The origin of the Mid-Autumn festival

The 15th day of the eighth lunar month is the traditional Mid-Autumn Festival in China and the second largest traditional festival in China after the Spring Festival. Also known as Mid-Autumn Festival, Reunion Festival and August Festival. It is a traditional festival of Han nationality and most ethnic minorities in China, and it is also popular in neighboring countries such as Korea, Japan and Vietnam. Because autumn (referring to the lunar calendar) is in July, August and September, August is in the middle of the year, and August 30th is in the middle of the year, it is called Mid-Autumn Festival. So there are more people in the sky than family reunion at night, so it is also called reunion festival.

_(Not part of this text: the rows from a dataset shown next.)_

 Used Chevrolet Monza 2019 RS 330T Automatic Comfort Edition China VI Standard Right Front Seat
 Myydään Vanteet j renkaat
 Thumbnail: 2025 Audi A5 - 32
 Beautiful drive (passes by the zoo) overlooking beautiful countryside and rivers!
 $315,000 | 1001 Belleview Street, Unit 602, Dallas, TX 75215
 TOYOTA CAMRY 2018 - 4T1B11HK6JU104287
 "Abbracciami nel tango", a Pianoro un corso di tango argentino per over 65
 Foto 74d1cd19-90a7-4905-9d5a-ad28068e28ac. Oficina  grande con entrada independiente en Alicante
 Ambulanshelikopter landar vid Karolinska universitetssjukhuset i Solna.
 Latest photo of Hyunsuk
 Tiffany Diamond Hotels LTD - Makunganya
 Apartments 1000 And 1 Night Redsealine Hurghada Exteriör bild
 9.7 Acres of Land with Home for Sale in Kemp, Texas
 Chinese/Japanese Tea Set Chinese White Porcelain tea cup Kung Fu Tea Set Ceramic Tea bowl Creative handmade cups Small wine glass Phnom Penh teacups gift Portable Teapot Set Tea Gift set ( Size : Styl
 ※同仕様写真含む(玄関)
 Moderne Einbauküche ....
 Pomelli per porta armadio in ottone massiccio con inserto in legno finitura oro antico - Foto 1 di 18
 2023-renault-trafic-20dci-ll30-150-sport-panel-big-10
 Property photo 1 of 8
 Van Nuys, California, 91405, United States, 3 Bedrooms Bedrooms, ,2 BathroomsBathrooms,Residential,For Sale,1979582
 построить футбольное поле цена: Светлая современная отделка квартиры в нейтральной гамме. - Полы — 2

Mid-Autumn Festival originated from the ancient custom of worshipping autumn in China and Yue Bai. The Book of Rites states that the son of heaven is in spring, and the sun and moon are in autumn. The Asahi is facing the DPRK, and the evening is in the evening. " "Moon at night" here means Yue Bai. It was formed in the Han Dynasty. In the Tang Dynasty, the custom of enjoying the moon in the Mid-Autumn Festival became popular and was designated as the Mid-Autumn Festival. Ouyang Zhan (785-827 AD) said in Preface to Poems on the Moon in Chang 'an Opera: "August is in autumn. The beginning and end of the season; At night, the moon is in the clouds. Take it from the sky, it will be cold and hot, and take it from the number of months, it will be round, so it is called Mid-Autumn Festival. "

On the night of Mid-Autumn Festival, the moonlight is bright. The ancients regarded the full moon as a symbol of reunion, so August 15 was also called "Reunion Festival". Throughout the ages, people often use "full moon" and "lack of moon" to describe "joys and sorrows", and vagrants living in other places also rely on the moon to express their affection. Li Bai, a poet in the Tang Dynasty, wrote poems such as "Looking up, it's moonlight, then leaning back, suddenly thinking about hometown", "Knowing that the dew is frost tonight, the moonlight at home is bright!" Du Fu's "Spring Breeze is Green in Jiang Nanan" and Wang Anshi's "When Will the Moon Shine on Me" in the Song Dynasty are all timeless masterpieces.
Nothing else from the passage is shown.